12/05/2018
Minigolf
301 Reviews
Translated
Show original
Minigolf
Hot top, cold bottom... or was it the other way around?
So I picked out a scent to test, describe, categorize, visualize... but I don't know where to start.
One thing is certain: the perfume has two faces. Two sides, as separated from each other, but somehow together. The first time I dab on it (I have a mini of it) I feel a kind of heat, like hot orange juice steaming towards me.
In it becoming one with some jasmine and another warm fruit.
After this first phase, "Scapa Of Scotland" seems to cool down almost abruptly, as if ice-cold water was poured into it. No, water alone doesn't...it's more like ice cubes containing strong moss and wood extracts that melt quickly.
This "state of aggregation" remains for a longer period of time, although it bubbles inside, as if something is coming out, jolting, squeezing, straining.
To finally make it. Something rosy, almost spicy, with moss fragments and wood chips hanging from it, bizarrely shaped. Infused with red, green and brown.

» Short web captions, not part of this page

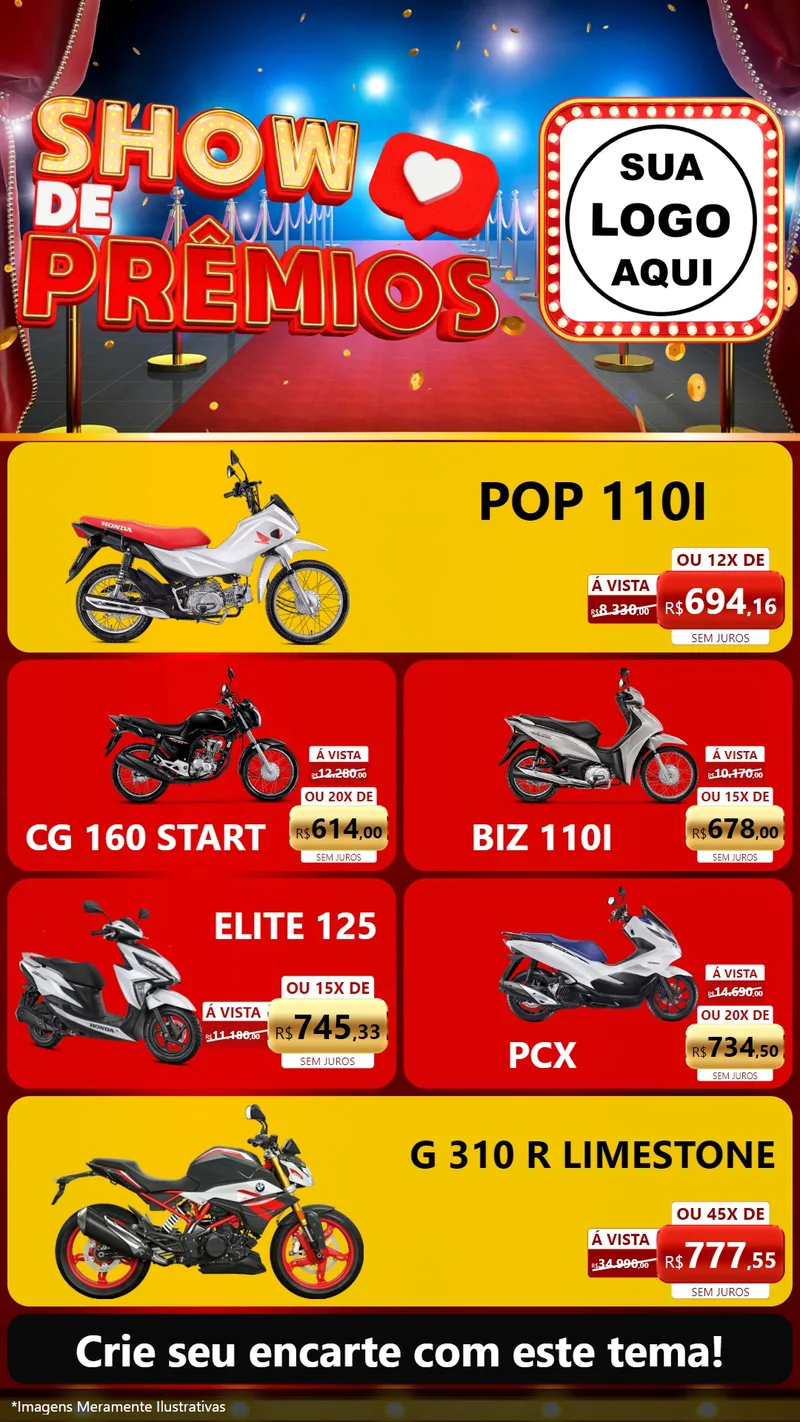 Modelo de TV para TV Vertical com o tema Show de Prêmios para Concessionaria de Motos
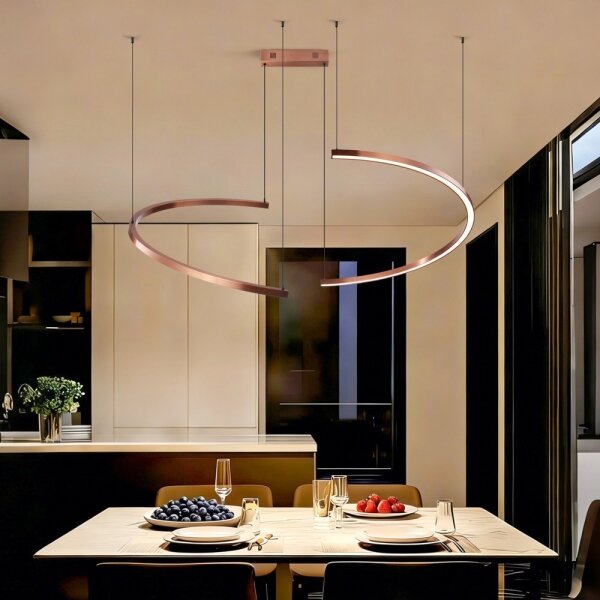 Immax NEO 07328L - Lampadario LED dimmerabile a sospensione su cavo FINO 72W/230V 120 cm oro rosa Tuya+telecomando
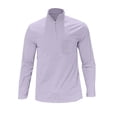 thumbnail image 5 of XUANTAOO Mens Polo Shirt Long Sleeve Corduroy Quarter Zipper Tees Shirts Basic Purple Shirts Men, 5 of 5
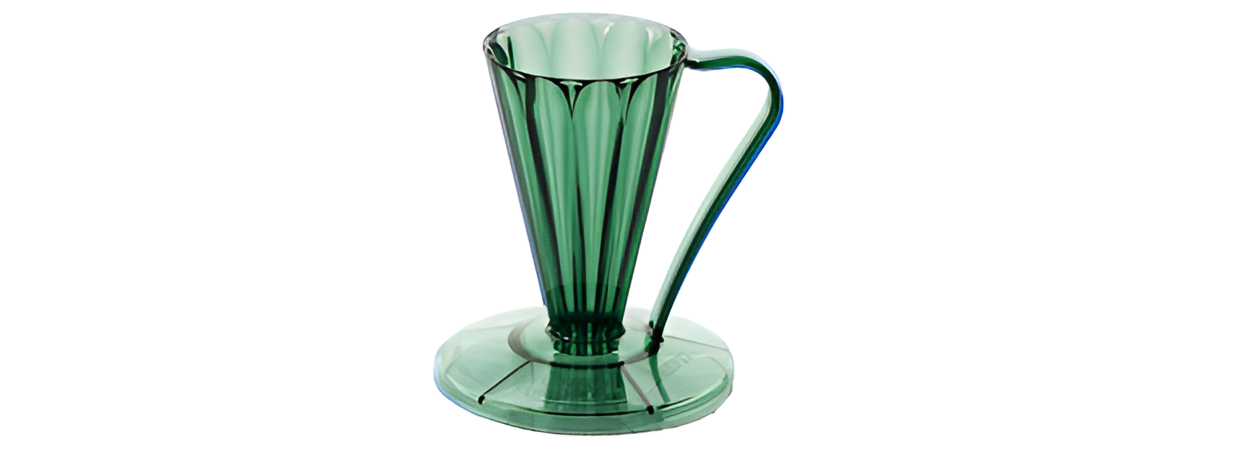 Cafec Flower Dripper Deep 27 (Clear Dark Green) CAFEC Flower Dripper Deep 27 single cup coffee dripper in clear dark green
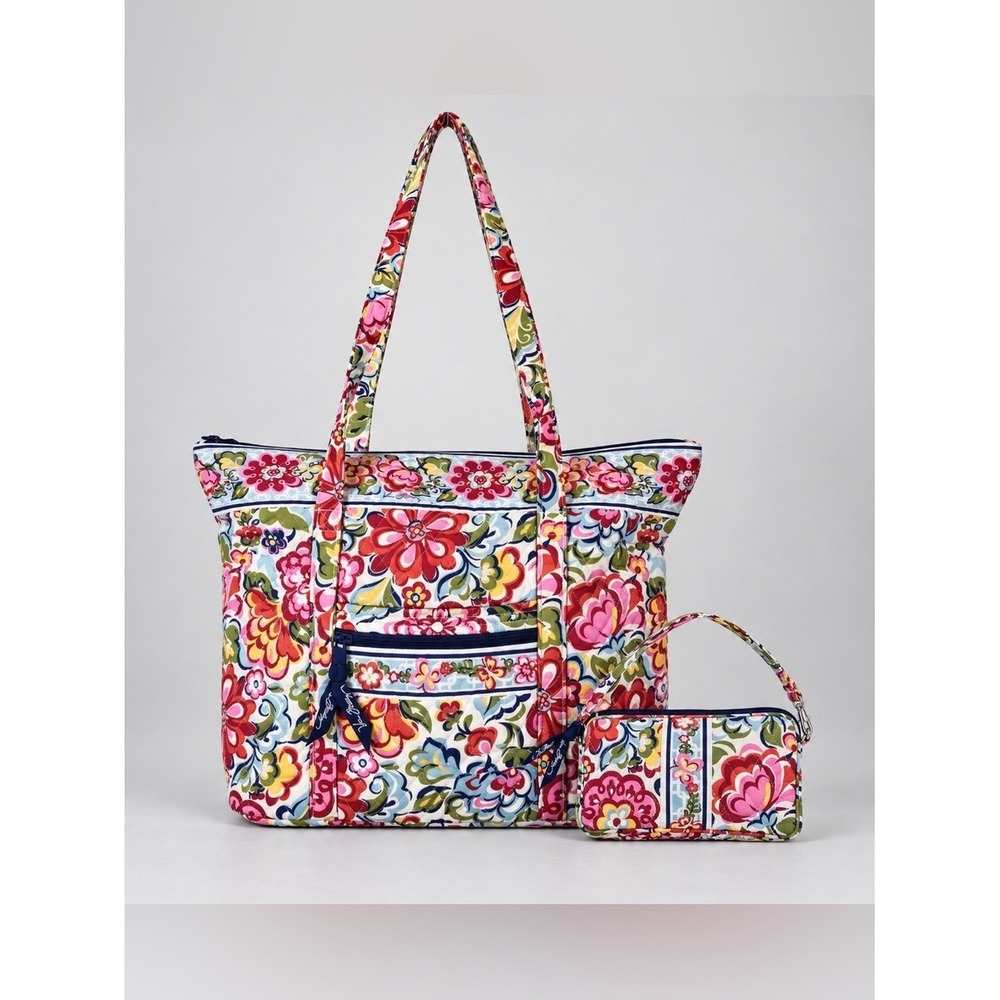 Vera Bradley Hope Garden Tote & Wallet Floral Cottage Bohemian Quilted Retired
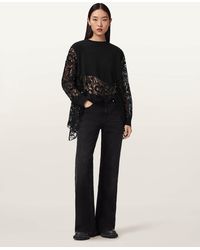 AllSaints - Malorie Asymmetrical Long Sleeve Top - Lyst
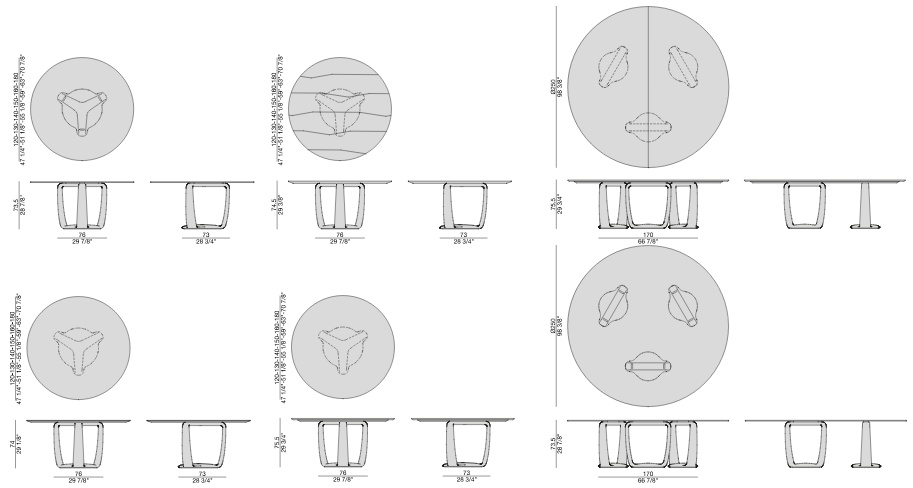 Размеры Стол Porada Saddle Round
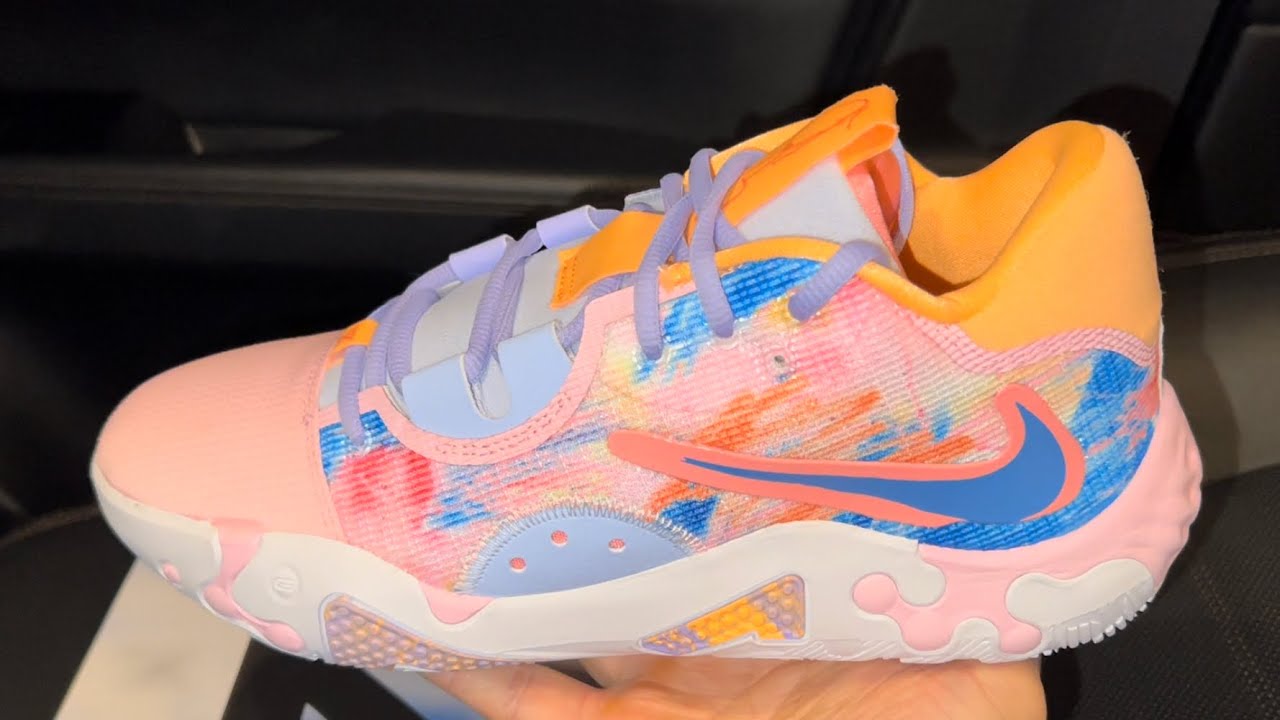 Nike PG 6 Painted Swoosh Blue Pink Basketball Shoes - YouTube
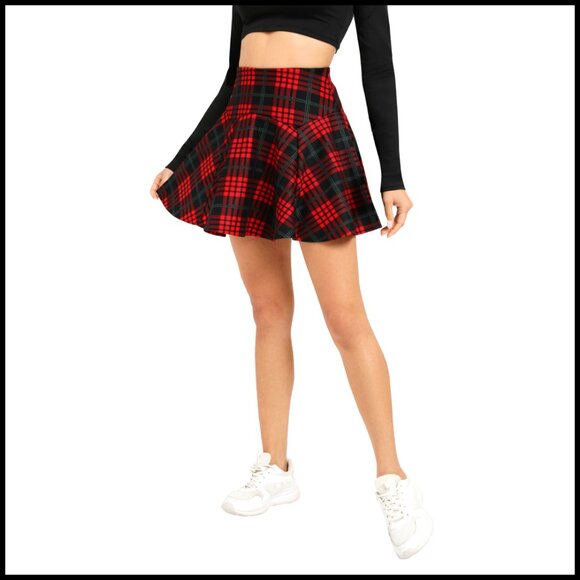 Dresses & Skirts - Stretchy Elastic Waist Plaid Flared Mini Skater Skirt for Fall Winter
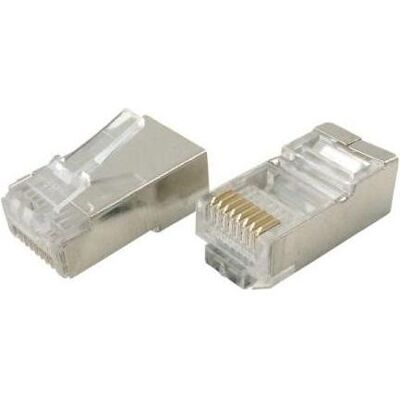 Tecline Spina modulare per cavo rotondo, schermato, 8P8C (RJ45), PU: 10 Spina RJ45 per cavo patch (Connettore del cavo di rete), Accessori di rete Tecline Spina modulare per cavo rotondo, schermato, 8P8C (RJ45), PU: 10 Spina RJ45 per cavo patch (Connettore del cavo di rete), Accessori di rete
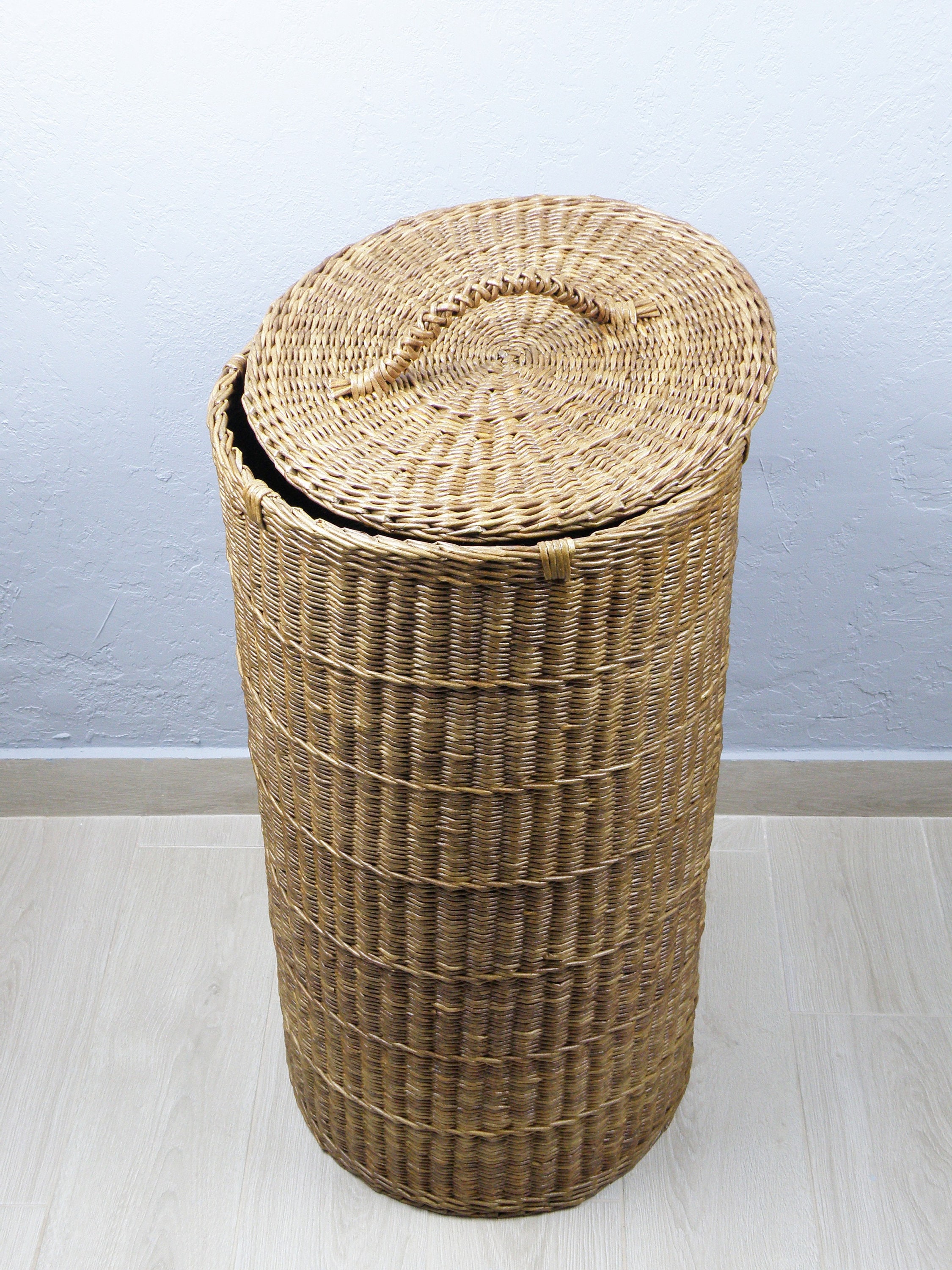 Tall laundry basket Wicker large basket with liner Round Etsy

And... warmer than just before. As if sunlight were pushing into a cold column.
The wooded coolness gives way to a summery warmth, amber and vanilla are the heating. They form the background and make the "Rosentroll" that was created before appear less surreal, the fragrance comes into a balance that unites both the warmth and the cold, still bubbling softly...
cool-warm-cool-warm.... but much more subtle. But... does that still want what out???? I don't know.
One thing is certain: the perfume has two faces. Two sides, as separated from each other, but somehow together. The first time I dab on it (I have a mini of it) I feel a kind of heat, like hot orange juice steaming towards me.
In it becoming one with some jasmine and another warm fruit.
After this first phase, "Scapa Of Scotland" seems to cool down almost abruptly, as if ice-cold water was poured into it. No, water alone doesn't...it's more like ice cubes containing strong moss and wood extracts that melt quickly.
This "state of aggregation" remains for a longer period of time, although it bubbles inside, as if something is coming out, jolting, squeezing, straining.
To finally make it. Something rosy, almost spicy, with moss fragments and wood chips hanging from it, bizarrely shaped. Infused with red, green and brown.
And... warmer than just before. As if sunlight were pushing into a cold column.
The wooded coolness gives way to a summery warmth, amber and vanilla are the heating. They form the background and make the "Rosentroll" that was created before appear less surreal, the fragrance comes into a balance that unites both the warmth and the cold, still bubbling softly...
cool-warm-cool-warm.... but much more subtle. But... does that still want what out???? I don't know.